An IPPR report into the UK’s imbalanced economy laid out a number of proposals, but the real eye-catcher was that the Bank of England should act on high house prices.
It said the Bank should limit mortgage lending, triggering a five-year house price freeze and allowing wages to start to catch up.
House prices have trebled since 1991, as Nationwide’s data shows, and spent many years rising faster than wages
The report’s author Grace Blakeley said this could ‘reset expectations and allow affordability to improve’.
After that initial period, it should target house price growth of 2 per cent – the same as its inflation target.
Yet, even in the unlikely event this policy is adopted, Britain is in such a property pickle that a five-year house price freeze wouldn’t achieve much.
If wage growth over the next five years averaged out at 2.5 per cent, ONS average earnings would grow by 13 per cent, from £27,000 to £30,500.
If the average ONS UK property value froze at £227,000 this would take the house price-to-earnings ratio down from 8.4 now to 7.4 then.
Houses would still be very expensive by historic standards.
Nationwide’s monthly report uses a higher household average earnings figure of £37,000 and has a lower average house price at £214,000. Yet even it shows a current house price-to-earnings ratio of 6, compared to a 30-year average of 4.2.
For house prices to fall back to that fair value level they would need to decline by 30 per cent – dropping £64,200 on average.
Alternatively, if house prices stagnated earnings would need to rise by 38 per cent.
Nationwide’s figures show house prices would need to fall 30 per cent to go from the current ratio to household earnings of 6 to the long-run average of 4.2
If house prices did take such a tumble, mean reversion theory says they should fall further, as prices tend to overshoot at both ends before returning to the long-term average.
In the last slump after the financial crisis that didn’t happen, as the decline was arrested by a lack of forced sellers, thanks to super-low interest rates, money pumped into the system, and heavy pressure on banks and building societies not to repossess those in mortgage arrears.

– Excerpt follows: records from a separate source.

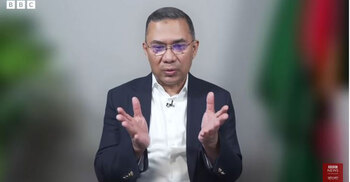 Will return soon, take part in polls: Tarique tells BBC Bangla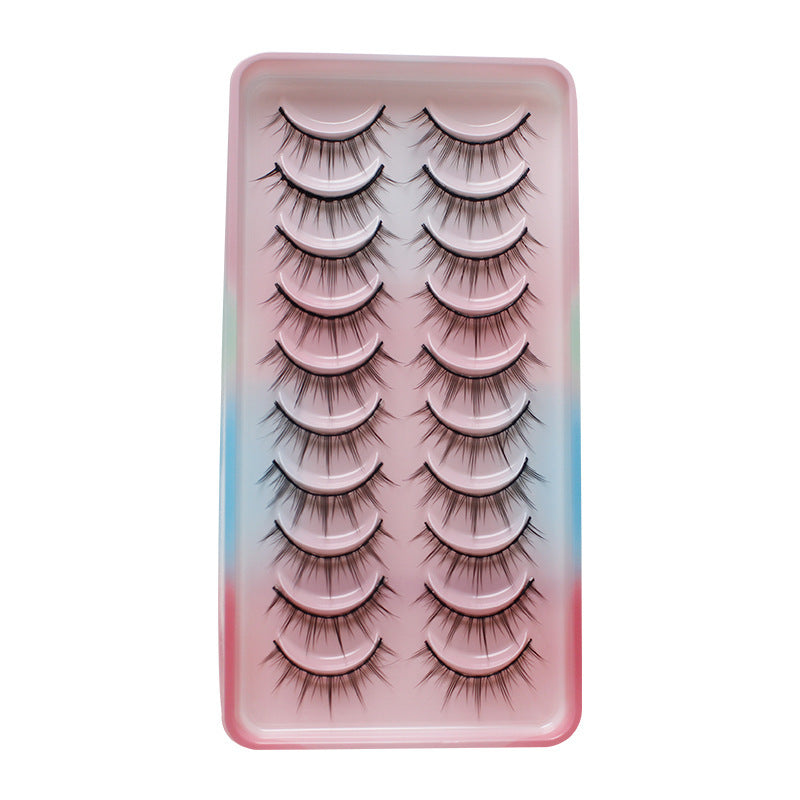 Cils Stable Nude Little Demon Eyelash Faux Cils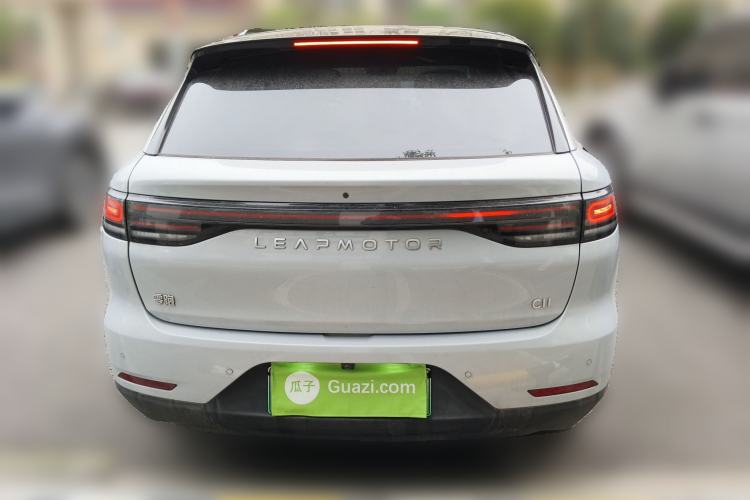 Used Leapmotor C11 2026 All-Electric 640 LiDAR Prestige Edition Rear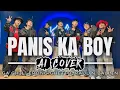 Lagu PANIS KA BOY ( Ai Cover ) - GA Chillerong Ghetto, Paul N Ballin | OPM | Dance Fitness | Newfriendz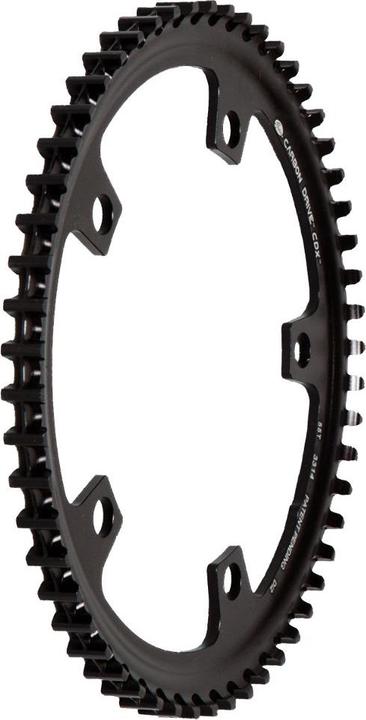 Actual product image Gates Front pulley CDX (5-arm/Di2)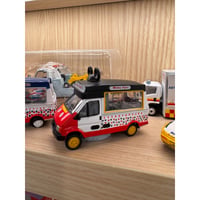 【香港☆TINY】限定品 「Disney☆雪糕車」 1:72 　/ mickey Softee🍦迪士尼香港  米奇　#6062933N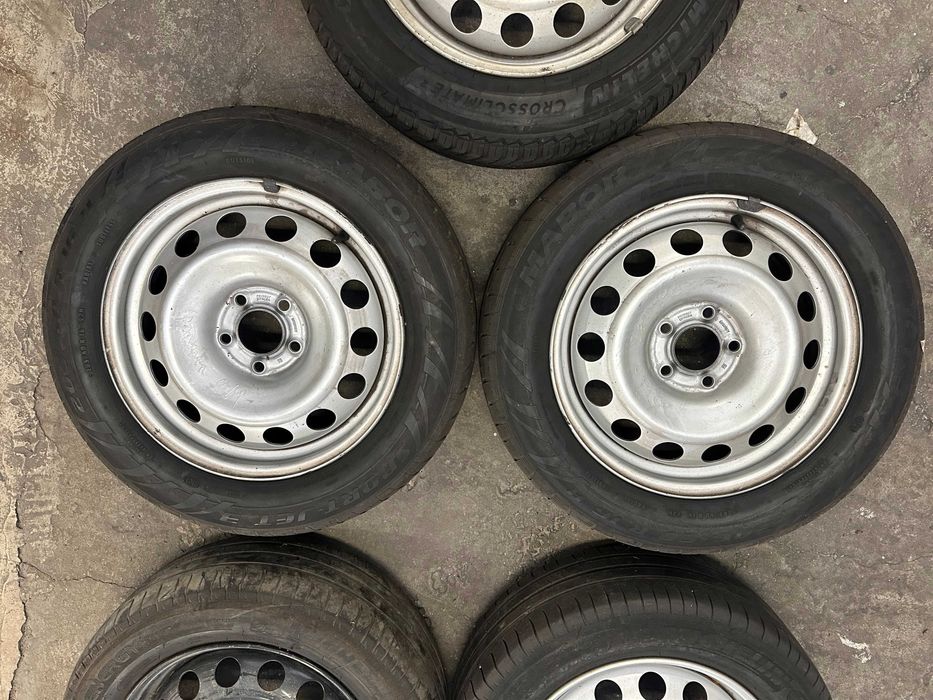 Jantes + Pneus 205/60/R16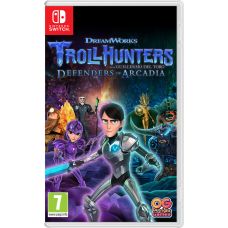 TrollHunters: Defenders of Arcadia (русская версия) (Nintendo Switch)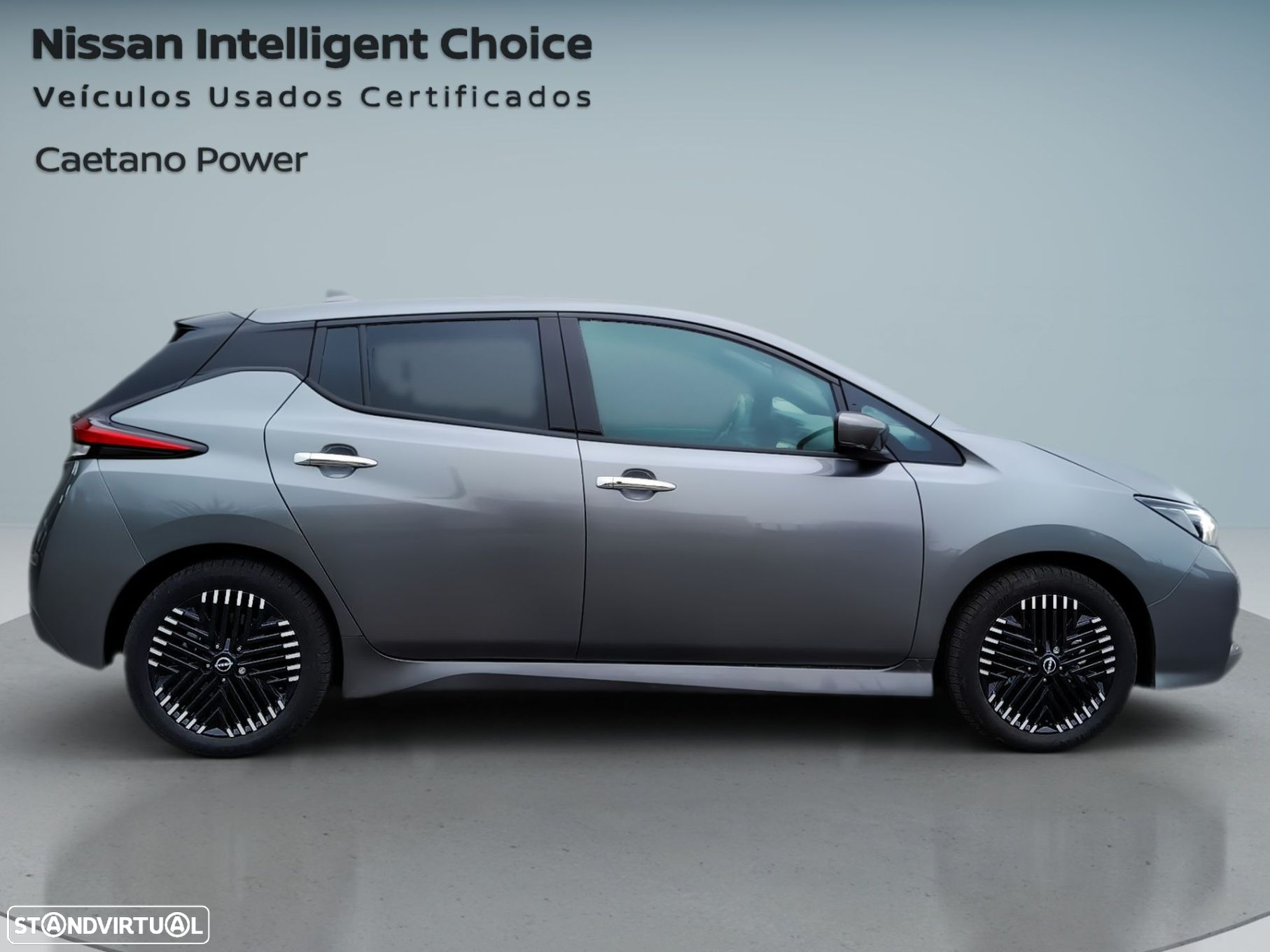 Nissan Leaf N-Connecta - 16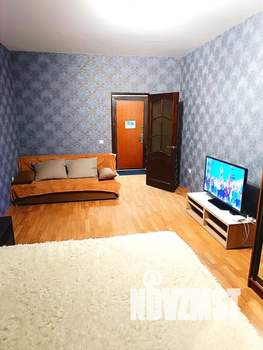 1-к квартира, посуточно, 40м2, 3/9 этаж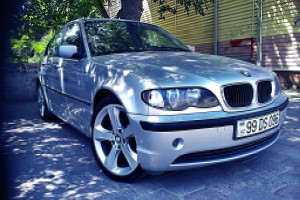 BMW 320 2001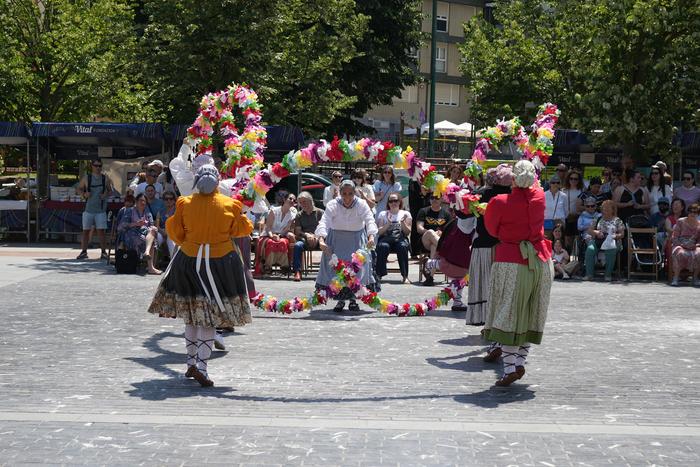 Euskal jaiak aurre egin zion 86 1779610119673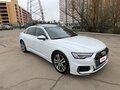 2020 Audi A6 45 TDI V (C8), белый, 5250000 рублей - вид 2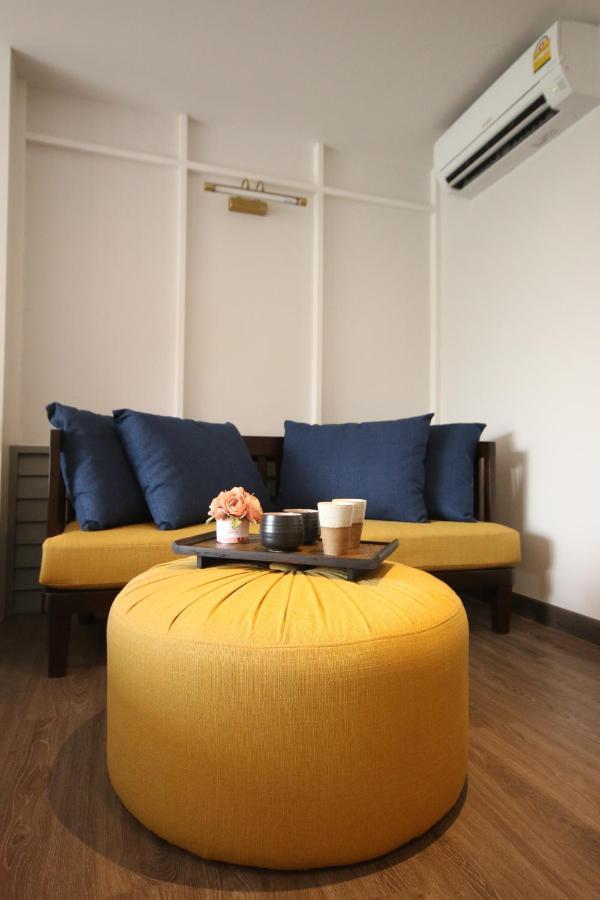 Saran Boutique Hotel Thapae Chiang Mai Dış mekan fotoğraf
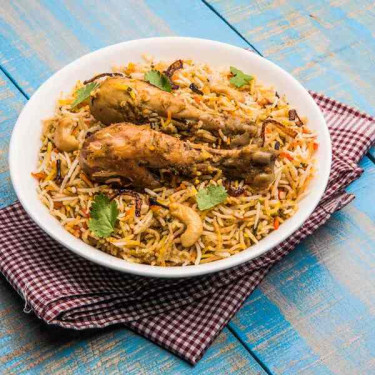 Biryani De Cabra Dum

This was clearly good news for those at risk of losing their homes, which people who suffered in the 1990s crash will tell you can have a long devastating effect.
The cost of avoiding the tough medicine, however, is our problem now, where both nationally and locally homes are expensive compared to average wages.
This has been exacerbated by throwing money at the wrong side of the problem, with schemes such as Help to Buy. Instead of making houses cheaper to build and sell, we have given people more money to buy them.
This is a particular issue as we don’t build enough new homes and evidence shows that in the current UK system building more doesn’t necessarily bring down house prices, as they are sold as a premium product priced against existing homes on the local market.
There are two opposite paths you can follow with such things, a free market or a command economy.
The IPPR proposal veers towards the latter, while I suspect many of our readers instinctively prefer the former.
At the moment we are stuck with a weird economic middle way, claiming the free market is best while meddling with and propping up the housing market at the same time.
I suspect, one day that will end though. There’s not much more we can throw at supporting house prices and at some point they will have to correct.